A secretária compara sua foto no documento com sua face atual. Você se sente ridículo – afinal, aquela foto tem mais de dez anos. E hoje você tem mais que uma dezena de novos fios brancos. Ela começa a preencher o cadastro eletrônico, mas logo se distrai com um e-mail. “Desculpe, mas hoje em dia, sabe como é... Temos que ficar conectados o tempo todo”. Volta ao cadastro.

- Profissão? Urrum. CPF? Endereço? Ah, sim. Conheço essa rua. Uma tia minha mora na vizinhança. E sabe que outro dia... Ela abre a boca e ameaça dizer mais uma palavra, mas logo o telefone volta a tocar. Sem pensar duas vezes, ela atende.

- Aloan. Não, o doutor Horácio não pode atender. Não, infelizmente não. Não, querida. Veja só: ele está em consulta. Daqui a pouquinho você volta a ligar, tá? Promeeeto que passo a ligação pra ele.

E você continua lá, parado, desejando apenas se misturar entre os outros pacientes na sala de espera. Por ser o único de pé (e talvez pelo nariz, que insiste em escorrer) é alvo de todos os olhares. Se sente meio panaca e pensa em buscar uma cadeira, se escondendo atrás de uma planta de plástico no cantinho. Mas logo a secretária retoma:

- Desculpa, meobem. Sabe como é, né? Esse telefone enlouquece a gente. Temos que atender.
- Tudo bem, tudo bem – você responde, enquanto pensa o oposto.
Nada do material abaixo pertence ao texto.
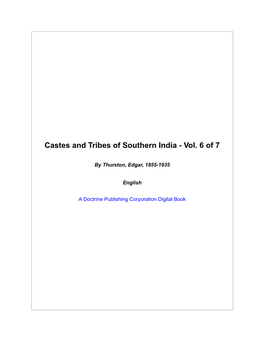 Castes and Tribes of Southern India - Vol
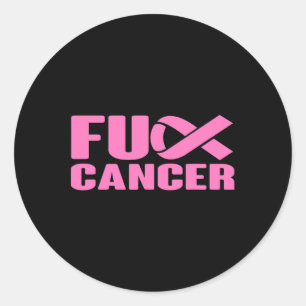 Sticker Rond Fck Cancer Pink Ribbon Sensibilisation au cancer d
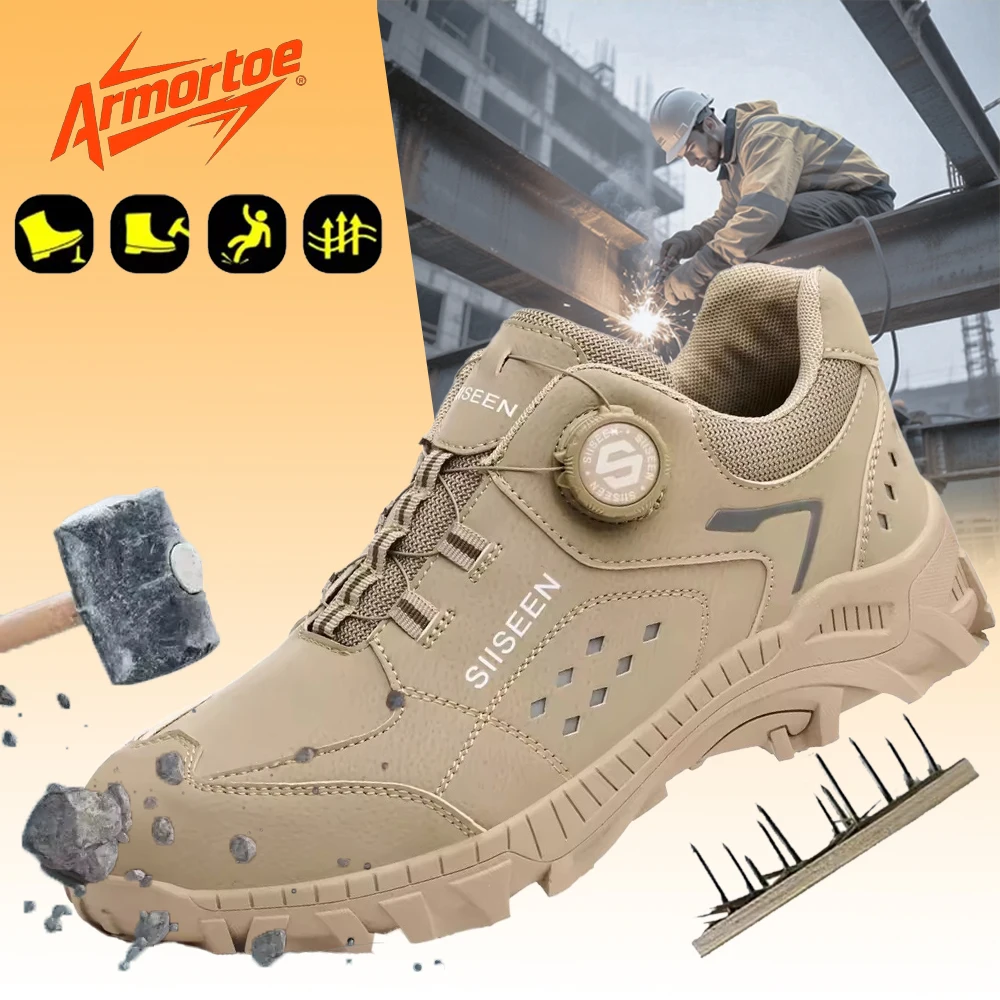 

ArmorToe Four Seasons Models Swivel Buckle Safety Shoes Anti-smash Anti-stabbing Steel Head Work Shoes Non-slip #Armor2516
No finalzinho do cadastro, a secretária se lembra de uma informação crucial que deveria ter sido preenchida antes. Ela cancela tudo e abre outra planilha. Começa a digitar o nome e repete a ladainha:

- Profissão? Ah, é mesmo. CPF? Zero três? Não era zero seis? Ah, então tá. Tem razão. Endereço? Hmmmmm, já te falei que uma tia mora na vizi...

Toca o telefone.

- Aloan. Não, o Dr. Horácio ainda está em consulta, querida. Sim, eu sei que pedi para você ligar “daqui a pouquinho”. Acho que dez minutos. Isso.
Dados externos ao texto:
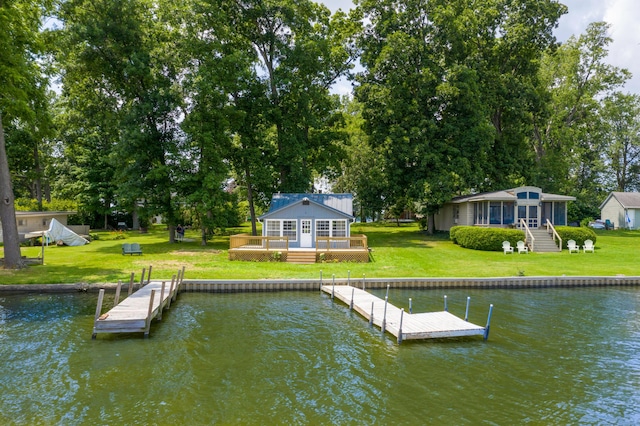 13384 Orchard Is NE, Millersport, OH 43046 - dock featuring a deck with water view, a lawn, and stairs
Enquanto isso você começa a desconfiar da eficácia da sua presença física. A mediação é a chave, pensa. Discretamente pega seu smartphone e começa a redigir um e-mail com todos os dados da sua ficha. Envia, e a secretária o recebe. Imediatamente ela informa:

- Só mais um minutinho, meobem. Chegou outro e-mail, acho que deve ser importante. Hmm. Engraçado. Alguém que mora na mesma rua que minha t...

Toca o telefone.

- Aloan.

Pronto, era o fim. Virou chacota. Você passa a se sentir tão importante quanto a planta de plástico no cantinho. Se não precisasse tanto, desistiria da jornada. Mas a garganta já o atormentava há uma semana. Por fim, resolve agir: pega o telefone e o deixa a postos. Assim que a linha fica livre, liga para a secretária. Ali mesmo, na frente dela.

- Aloan.
- Oi, aqui é o Carlos.
- Quem? Desculpa, meobem. Estão falando um pouco alto aqui no consultório.
- O Carlos. Estou na sua frente.
- Mas por que você ligaria para mim estando na minha frente?
- EU MORO NA RUA DA SUA TIA. EU! – você esbraveja, enquanto gesticula e toma o telefone da mão da secretária.

Finalmente seria atendido – isso se a impressão digital já estivesse cadastrada pelo plano de saúde. Mas já era uma vitória. O homem venceu as máquinas, ainda que temporariamente.